Readings: Rev. 7:2-4,9-14; 1 Jn. 3:1-3; Mt. 5:1-12

On the feast of “All Saints’ Day,” the Church, in order for us to understand who the “Saints” are, and how we, too, can enter their happy ranks (First Reading: Rev. 7:2-4,9-14), invites us to contemplate the “Magna Charta” of Christianity, the passage of the Beatitudes. The Beatitudes, as the Lucan version (Lk 6:17-26), which is probably more faithful to the original source, especially highlights, are first and foremost the joyful proclamation of a great “Purim,” of a total reversal of fortunes; they are the proclamation of the fulfillment of the hope of all categories of the oppressed and exploited of the earth: the poor, the afflicted, the meek, the persecuted are now “Blessed”!
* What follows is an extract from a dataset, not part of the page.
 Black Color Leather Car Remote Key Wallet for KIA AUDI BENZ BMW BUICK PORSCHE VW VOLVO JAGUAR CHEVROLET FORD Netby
God vindicating the poor is a concept we too often forget, yet it is revealed Word for us: and the New Testament fulfills this proclamation in the definitive Word and concrete example of Jesus Christ. The Gospel is first and foremost the “good news proclaimed to the poor” (Mt 11:5; Lk 7:22), who are the privileged recipients of the coming Kingdom: “theirs is the Kingdom of God” (Lk 6:20)! Only those who recognize themselves as poor, sick, children, sinners, and are therefore persecuted for entering into this logic, can welcome salvation (Mt 19:23-24; Lk 6:24; 18:9-15): woe therefore to those who feel “okay,” justified by their own merits: woe to those who judge others, and do not feel instead that they are the worst of all! The logic of the Gospel is revolutionary: “Many of the first will be last and the last the first” (Mk 10:31); “Publicans and prostitutes pass you by in the Kingdom of Heaven” (Mt 20:16). In Jesus’ proclamation, by word and example, of the blessedness of the poor is the great, joyful hope of all the wretched of the earth, who know that the Lord has truly become one of them, and this is for them a pledge of redemption, salvation, and certainty of deliverance and resurrection!
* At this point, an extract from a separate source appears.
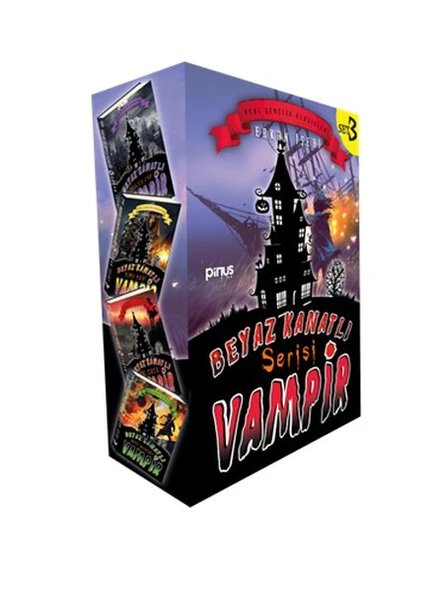 Beyaz Kanatlı Vampir Set – 3 ürün görseli 1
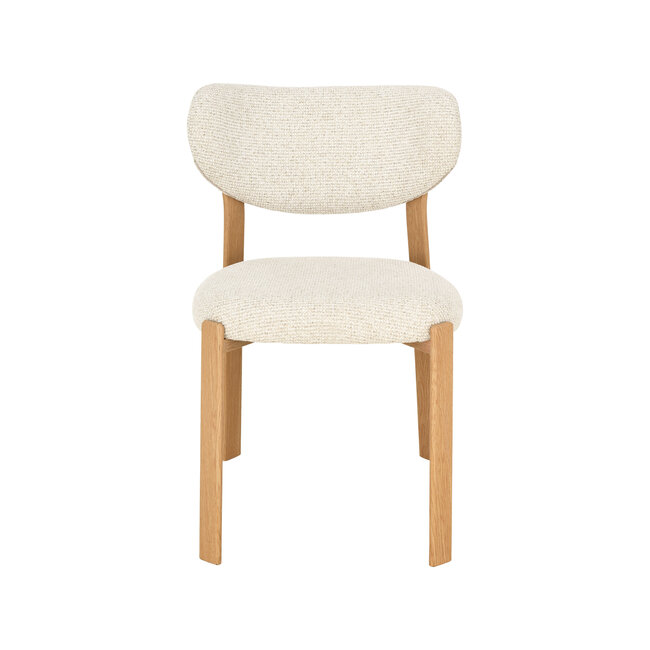 Label51 Eetkamerstoel Mika - Naturel - Geweven - Naturel Houtlook Metaal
From the theological-soteriological perspective soon shifted in the early Church to the anthropological one, presented to us especially by the Mattaean version of the Beatitudes, the one in today’s Gospel (Mt 5:1-12). The focus shifted from God’s behavior in establishing the Kingdom to man’s behavior in gaining access to it. Contemplating God’s logic highlighted the conditions that enable man to become the object of his mercy.

Therefore, the Beatitudes are also an invitation to always be on the side of the poor, the last, the marginalized, the oppressed, concretely. They “are a kind of self-portrait of Christ, they are an invitation to follow him and to commune with him” (Veritatis splendor, no. 16). Jesus is the model of the Beatitudes: he is the poor par excellence (Lk 2:11-12), the afflicted (Heb 2:17-18), the meek (Mt 11:29), mercy incarnate (Phil 2:5-11), the pure in heart (1 Pet 1:19), our peace (Eph 2:14), the persecuted Servant (Mt 23:34-39).
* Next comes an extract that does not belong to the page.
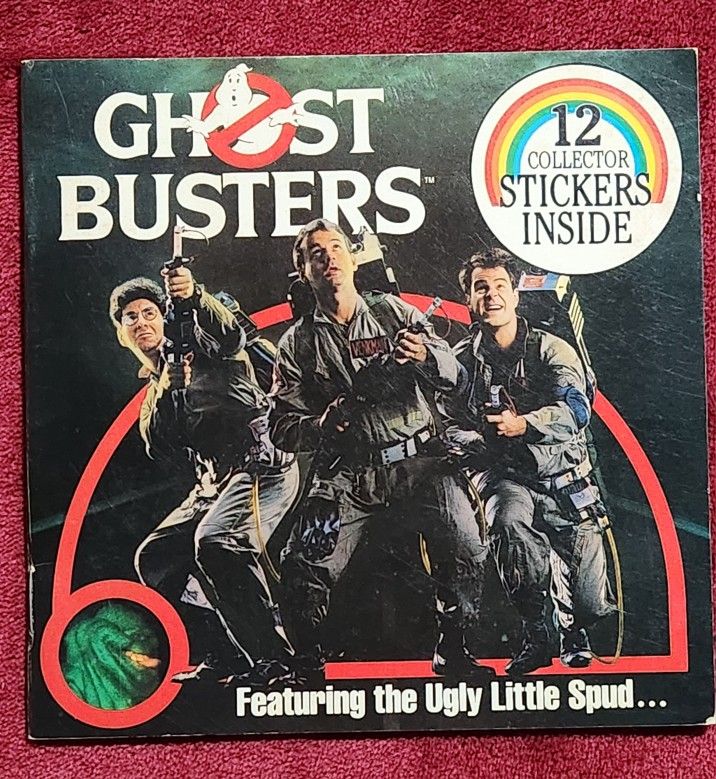 1984 Ghostbusters Movie And Sticker Book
To participate in the Kingdom, we are asked to welcome Jesus into our lives, to make him our Bliss, and to transform our lives in imitation of his. We are called to live like him, in poverty and meekness, in sincerity and in the struggle for justice and peace, in the foolishness that is the logic of the cross, in the scandal of the consistency of love (1 Cor. 1:23); it is a harsh, countercultural and nonconformist discourse, opposed to the thinking of this world: but it is the only way-it is God’s Word! -to be already as of now “blessed,” “children of God … truly” (Second Reading: 1 Jn. 3:1-3), and then to have “our reward in heaven” (Mt. 5:12).